# TASK REQUIREMENTS:
Find the line below with "VolksWagen GOLF 2015-05 6915330-3" and the line with "Copernicus Toruń Hotel****". Output exactly those lines and everything between them, leaving out the pictures.

# DATA FOR THIS EXERCISE:
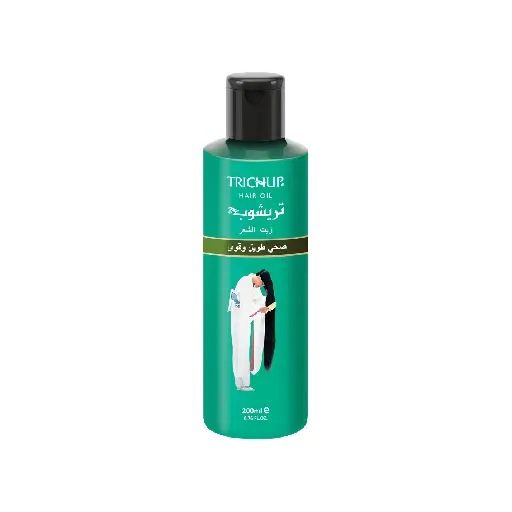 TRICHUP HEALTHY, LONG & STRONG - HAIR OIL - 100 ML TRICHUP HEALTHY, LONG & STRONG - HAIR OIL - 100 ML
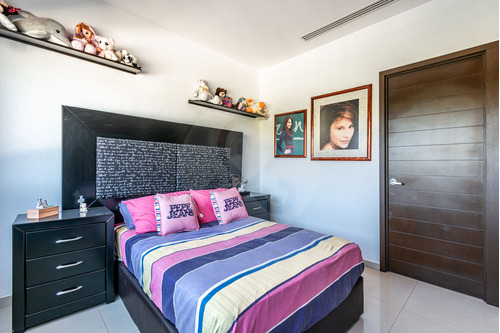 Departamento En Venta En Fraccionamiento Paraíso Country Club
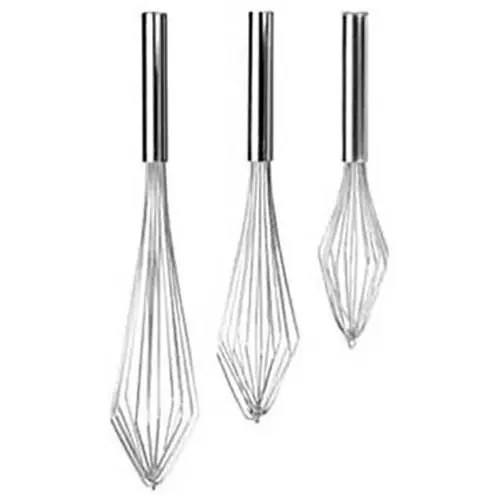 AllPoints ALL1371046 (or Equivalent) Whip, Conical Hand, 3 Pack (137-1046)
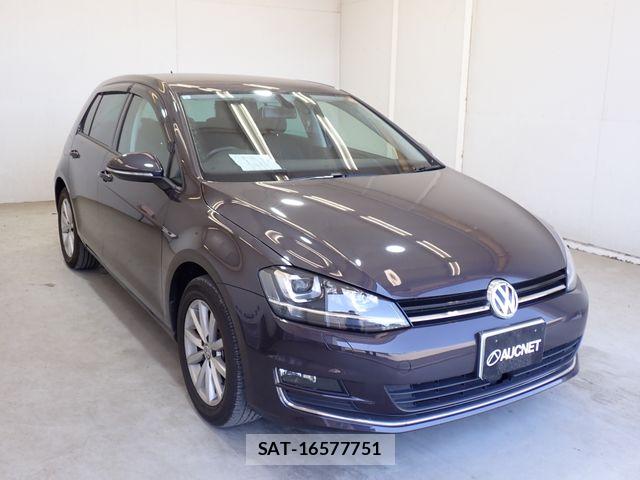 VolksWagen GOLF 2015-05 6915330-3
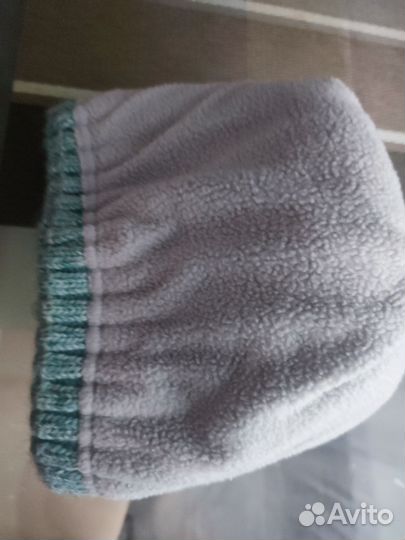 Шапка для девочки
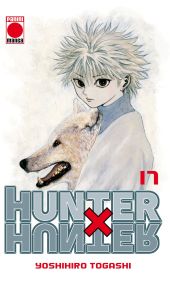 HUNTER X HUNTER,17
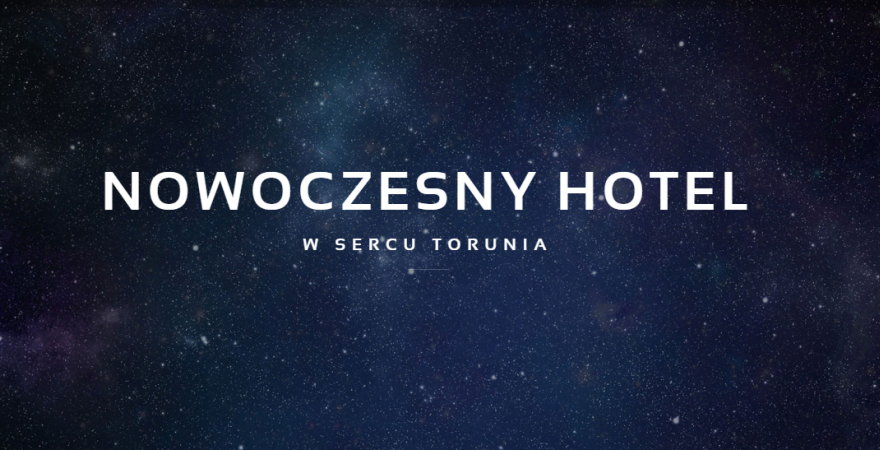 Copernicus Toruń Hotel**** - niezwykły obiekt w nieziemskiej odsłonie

...

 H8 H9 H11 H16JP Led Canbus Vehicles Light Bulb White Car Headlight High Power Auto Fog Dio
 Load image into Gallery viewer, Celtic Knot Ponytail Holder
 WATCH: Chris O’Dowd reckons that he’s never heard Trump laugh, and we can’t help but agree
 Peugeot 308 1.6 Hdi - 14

==

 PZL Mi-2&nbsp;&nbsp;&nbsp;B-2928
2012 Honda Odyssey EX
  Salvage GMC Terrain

# ANSWER SPACE:
 VolksWagen GOLF 2015-05 6915330-3
 Шапка для девочки
 HUNTER X HUNTER,17
 Copernicus Toruń Hotel**** - niezwykły obiekt w nieziemskiej odsłonie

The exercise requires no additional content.